BEGIN

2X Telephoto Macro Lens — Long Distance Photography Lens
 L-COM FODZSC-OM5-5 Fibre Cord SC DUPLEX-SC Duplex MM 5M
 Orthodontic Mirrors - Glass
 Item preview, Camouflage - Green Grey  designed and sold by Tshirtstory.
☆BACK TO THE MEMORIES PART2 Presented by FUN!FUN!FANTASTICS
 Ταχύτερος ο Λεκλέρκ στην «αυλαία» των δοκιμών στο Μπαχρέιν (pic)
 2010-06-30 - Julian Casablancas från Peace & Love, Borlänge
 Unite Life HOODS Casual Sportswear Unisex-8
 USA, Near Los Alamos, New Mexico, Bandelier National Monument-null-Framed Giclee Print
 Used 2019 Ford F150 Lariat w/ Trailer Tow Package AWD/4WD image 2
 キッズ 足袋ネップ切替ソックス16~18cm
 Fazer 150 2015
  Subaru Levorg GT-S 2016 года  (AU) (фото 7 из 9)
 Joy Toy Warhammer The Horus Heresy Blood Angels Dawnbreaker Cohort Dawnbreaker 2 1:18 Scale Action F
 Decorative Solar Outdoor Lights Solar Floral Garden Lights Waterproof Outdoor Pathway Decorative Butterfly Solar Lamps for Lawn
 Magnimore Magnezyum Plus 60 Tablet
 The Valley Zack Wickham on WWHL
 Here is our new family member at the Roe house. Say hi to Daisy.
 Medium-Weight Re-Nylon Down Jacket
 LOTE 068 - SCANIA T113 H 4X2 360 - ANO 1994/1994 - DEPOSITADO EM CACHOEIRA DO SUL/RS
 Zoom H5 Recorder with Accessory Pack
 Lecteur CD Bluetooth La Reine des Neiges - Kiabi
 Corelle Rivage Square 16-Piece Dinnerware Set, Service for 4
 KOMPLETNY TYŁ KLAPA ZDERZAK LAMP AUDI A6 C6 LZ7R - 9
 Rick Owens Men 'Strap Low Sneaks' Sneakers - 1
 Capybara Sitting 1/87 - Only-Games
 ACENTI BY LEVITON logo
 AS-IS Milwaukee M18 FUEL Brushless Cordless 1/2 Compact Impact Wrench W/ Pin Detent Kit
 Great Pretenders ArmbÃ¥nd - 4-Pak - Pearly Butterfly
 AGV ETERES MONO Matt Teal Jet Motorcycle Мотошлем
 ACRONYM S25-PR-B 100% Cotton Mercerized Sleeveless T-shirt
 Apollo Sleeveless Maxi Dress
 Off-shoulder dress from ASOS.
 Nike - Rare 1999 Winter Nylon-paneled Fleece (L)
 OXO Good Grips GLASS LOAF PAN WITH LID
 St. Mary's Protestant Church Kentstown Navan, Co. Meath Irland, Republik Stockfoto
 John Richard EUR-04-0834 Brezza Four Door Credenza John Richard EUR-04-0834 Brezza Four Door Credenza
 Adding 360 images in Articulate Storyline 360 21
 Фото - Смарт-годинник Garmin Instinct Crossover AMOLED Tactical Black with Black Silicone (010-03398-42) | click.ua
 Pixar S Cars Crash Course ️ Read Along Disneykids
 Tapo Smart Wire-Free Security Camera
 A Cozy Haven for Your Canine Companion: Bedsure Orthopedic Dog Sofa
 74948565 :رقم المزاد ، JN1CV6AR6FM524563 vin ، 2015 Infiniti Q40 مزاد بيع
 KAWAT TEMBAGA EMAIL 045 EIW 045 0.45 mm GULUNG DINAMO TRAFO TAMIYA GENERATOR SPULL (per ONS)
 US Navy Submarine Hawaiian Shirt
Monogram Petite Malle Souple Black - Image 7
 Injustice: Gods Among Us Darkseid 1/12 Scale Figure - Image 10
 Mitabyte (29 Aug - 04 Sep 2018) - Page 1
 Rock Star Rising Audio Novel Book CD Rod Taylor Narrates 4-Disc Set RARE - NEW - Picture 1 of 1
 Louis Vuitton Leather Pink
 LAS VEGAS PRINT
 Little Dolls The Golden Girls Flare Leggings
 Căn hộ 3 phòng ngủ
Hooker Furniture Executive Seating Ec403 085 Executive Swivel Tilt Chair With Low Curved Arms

END

* _PROBLEM REQUIREMENTS_
Once you find the line with "キッズ 足袋ネップ切替ソックス16~18cm" in the entries above, output it and each line after it up to and including the line with "Adding 360 images", and nothing else.

* _OUTPUT OF THE TASK_
 キッズ 足袋ネップ切替ソックス16~18cm
 Fazer 150 2015
  Subaru Levorg GT-S 2016 года  (AU) (фото 7 из 9)
 Joy Toy Warhammer The Horus Heresy Blood Angels Dawnbreaker Cohort Dawnbreaker 2 1:18 Scale Action F
 Decorative Solar Outdoor Lights Solar Floral Garden Lights Waterproof Outdoor Pathway Decorative Butterfly Solar Lamps for Lawn
 Magnimore Magnezyum Plus 60 Tablet
 The Valley Zack Wickham on WWHL
 Here is our new family member at the Roe house. Say hi to Daisy.
 Medium-Weight Re-Nylon Down Jacket
 LOTE 068 - SCANIA T113 H 4X2 360 - ANO 1994/1994 - DEPOSITADO EM CACHOEIRA DO SUL/RS
 Zoom H5 Recorder with Accessory Pack
 Lecteur CD Bluetooth La Reine des Neiges - Kiabi
 Corelle Rivage Square 16-Piece Dinnerware Set, Service for 4
 KOMPLETNY TYŁ KLAPA ZDERZAK LAMP AUDI A6 C6 LZ7R - 9
 Rick Owens Men 'Strap Low Sneaks' Sneakers - 1
 Capybara Sitting 1/87 - Only-Games
 ACENTI BY LEVITON logo
 AS-IS Milwaukee M18 FUEL Brushless Cordless 1/2 Compact Impact Wrench W/ Pin Detent Kit
 Great Pretenders ArmbÃ¥nd - 4-Pak - Pearly Butterfly
 AGV ETERES MONO Matt Teal Jet Motorcycle Мотошлем
 ACRONYM S25-PR-B 100% Cotton Mercerized Sleeveless T-shirt
 Apollo Sleeveless Maxi Dress
 Off-shoulder dress from ASOS.
 Nike - Rare 1999 Winter Nylon-paneled Fleece (L)
 OXO Good Grips GLASS LOAF PAN WITH LID
 St. Mary's Protestant Church Kentstown Navan, Co. Meath Irland, Republik Stockfoto
 John Richard EUR-04-0834 Brezza Four Door Credenza John Richard EUR-04-0834 Brezza Four Door Credenza
 Adding 360 images in Articulate Storyline 360 21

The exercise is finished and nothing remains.